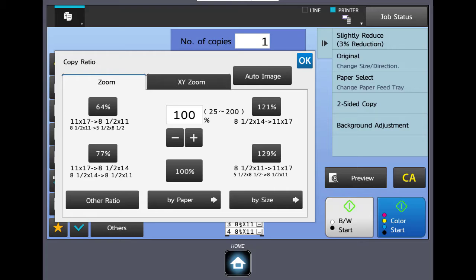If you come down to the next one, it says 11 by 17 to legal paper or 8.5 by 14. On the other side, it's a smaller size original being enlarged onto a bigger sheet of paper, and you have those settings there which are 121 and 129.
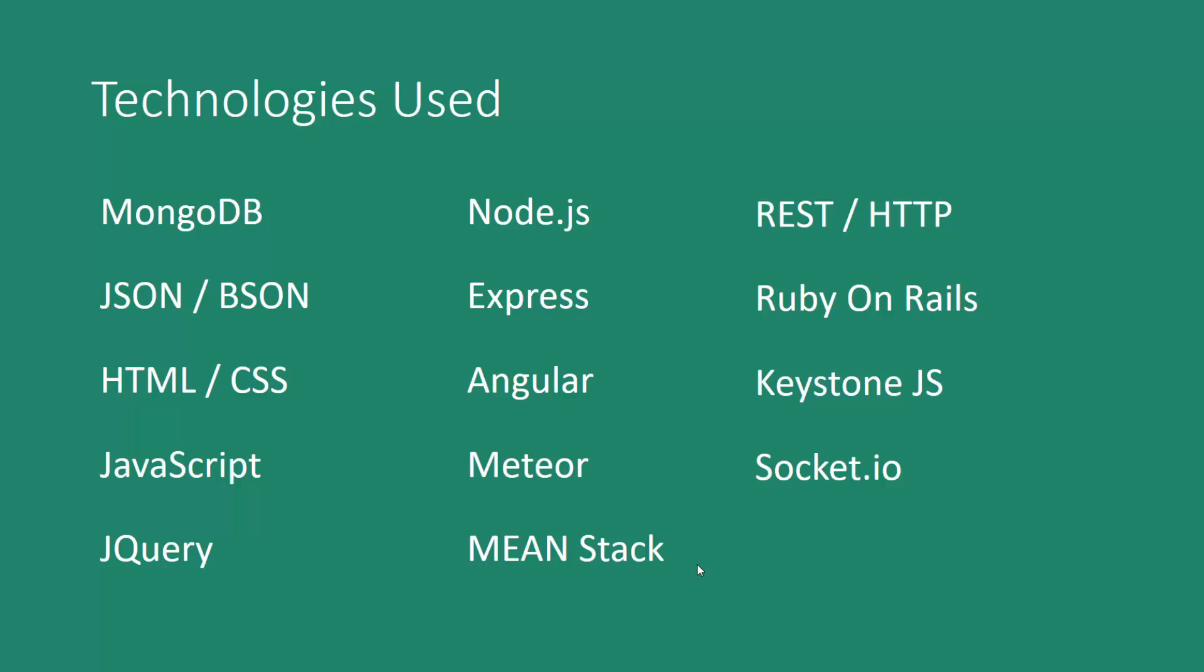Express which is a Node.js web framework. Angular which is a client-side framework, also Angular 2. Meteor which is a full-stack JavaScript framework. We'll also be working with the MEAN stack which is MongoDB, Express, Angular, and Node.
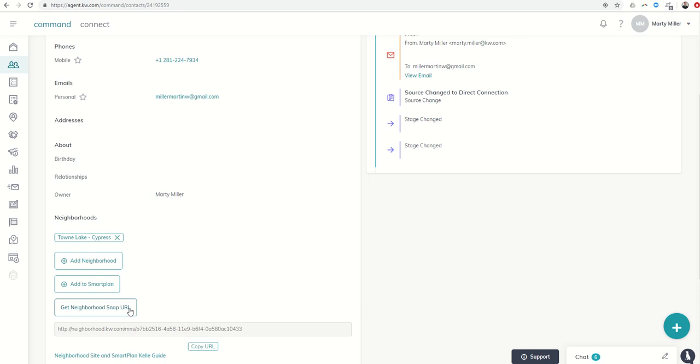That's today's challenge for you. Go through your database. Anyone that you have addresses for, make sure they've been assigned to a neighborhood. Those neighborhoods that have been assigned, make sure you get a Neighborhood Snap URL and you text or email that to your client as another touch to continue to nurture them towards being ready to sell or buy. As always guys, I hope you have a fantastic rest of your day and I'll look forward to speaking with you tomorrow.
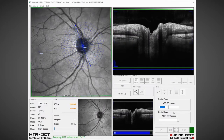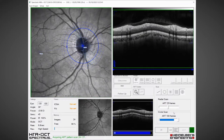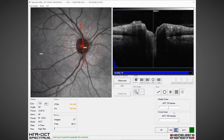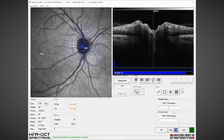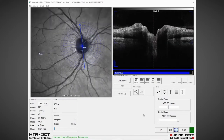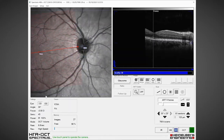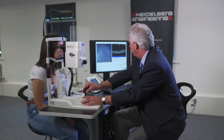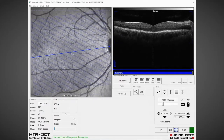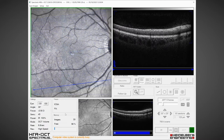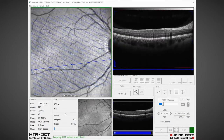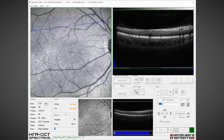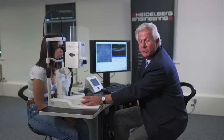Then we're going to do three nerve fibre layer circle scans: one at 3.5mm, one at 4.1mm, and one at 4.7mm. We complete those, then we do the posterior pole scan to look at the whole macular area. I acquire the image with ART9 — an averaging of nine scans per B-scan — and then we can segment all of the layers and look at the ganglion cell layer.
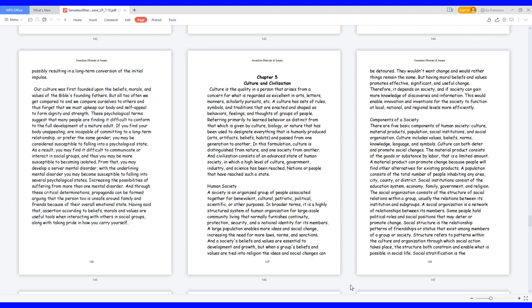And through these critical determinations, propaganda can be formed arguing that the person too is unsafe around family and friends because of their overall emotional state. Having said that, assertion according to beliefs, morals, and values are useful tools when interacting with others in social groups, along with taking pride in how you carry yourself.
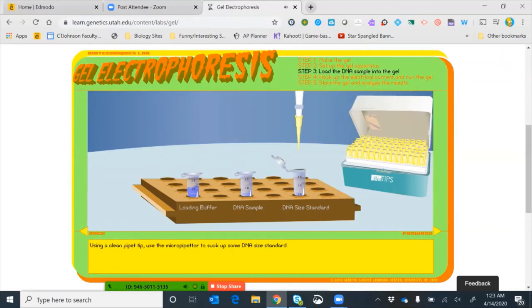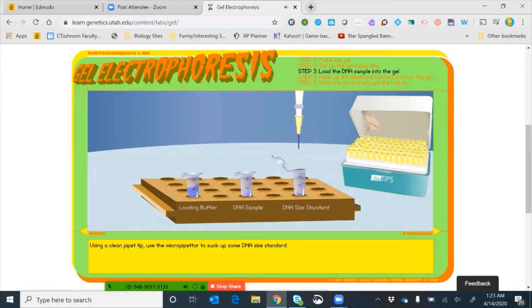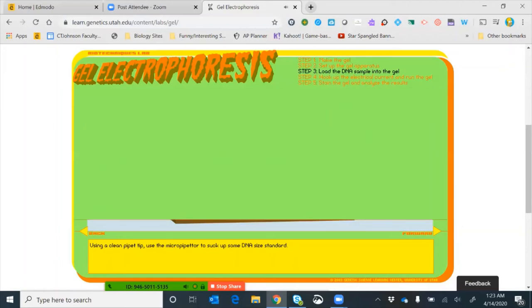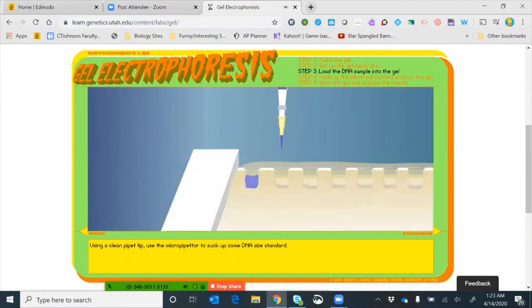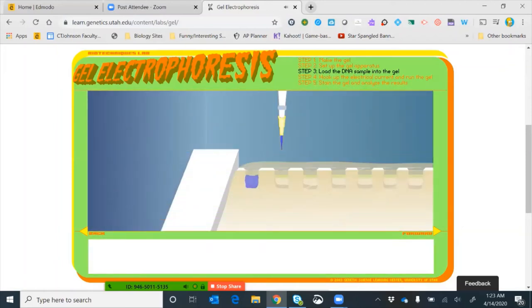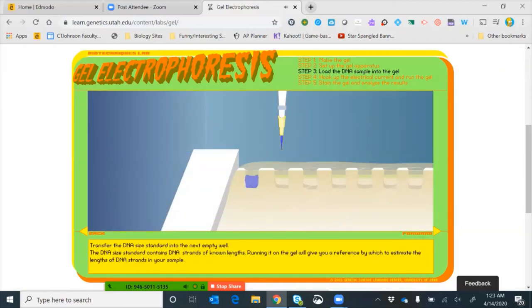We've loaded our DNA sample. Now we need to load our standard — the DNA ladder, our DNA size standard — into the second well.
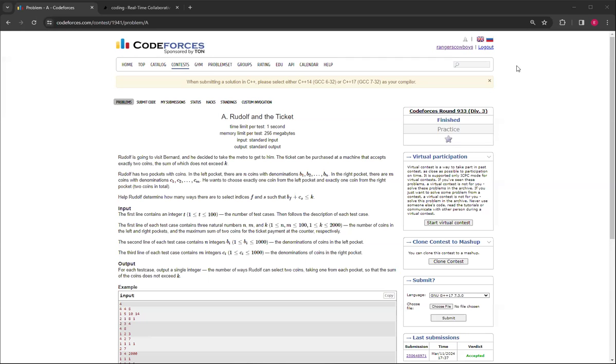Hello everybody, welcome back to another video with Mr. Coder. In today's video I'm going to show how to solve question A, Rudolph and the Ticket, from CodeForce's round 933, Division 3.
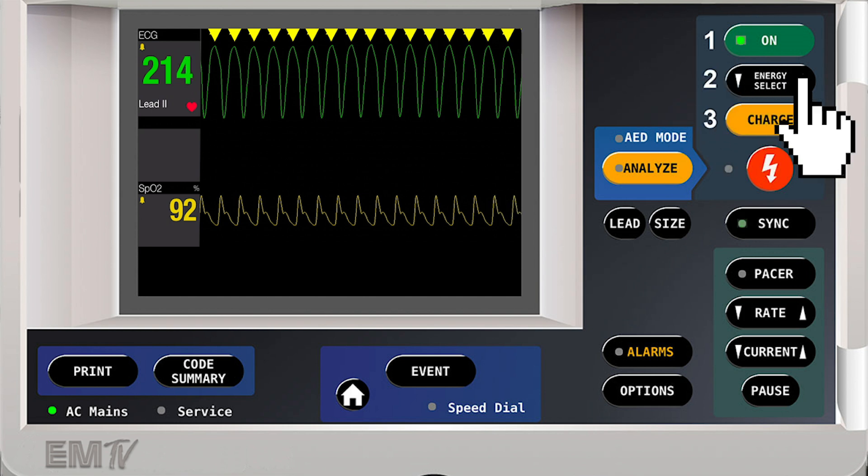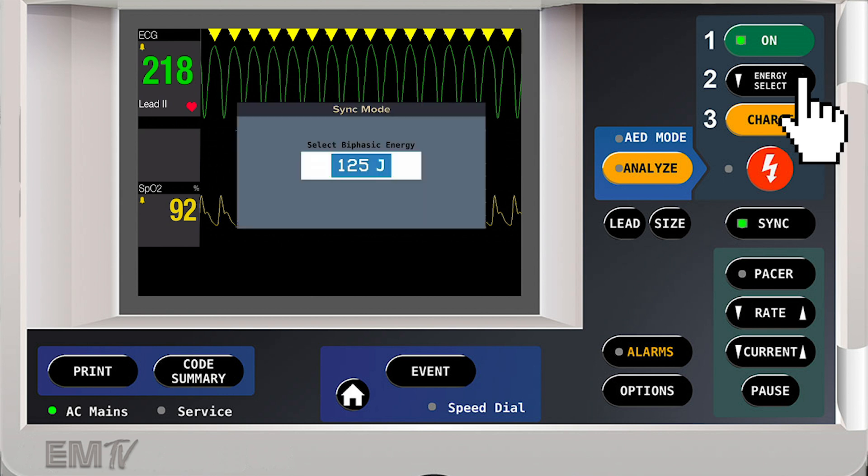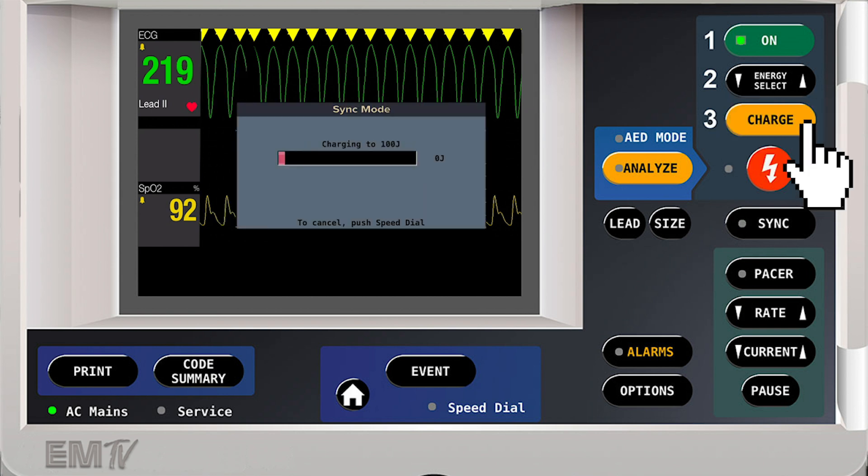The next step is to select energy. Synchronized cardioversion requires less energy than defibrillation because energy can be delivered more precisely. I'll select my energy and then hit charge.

_GOAL OF THE EXERCISE_: Please return exactly the lines above, from where the listing starts to the line holding "Express which is", inclusive, with the pictures omitted.

_RESPONSE TO THIS EXERCISE_:
If you come down to the next one, it says 11 by 17 to legal paper or 8.5 by 14. On the other side, it's a smaller size original being enlarged onto a bigger sheet of paper, and you have those settings there which are 121 and 129.
Express which is a Node.js web framework. Angular which is a client-side framework, also Angular 2. Meteor which is a full-stack JavaScript framework. We'll also be working with the MEAN stack which is MongoDB, Express, Angular, and Node.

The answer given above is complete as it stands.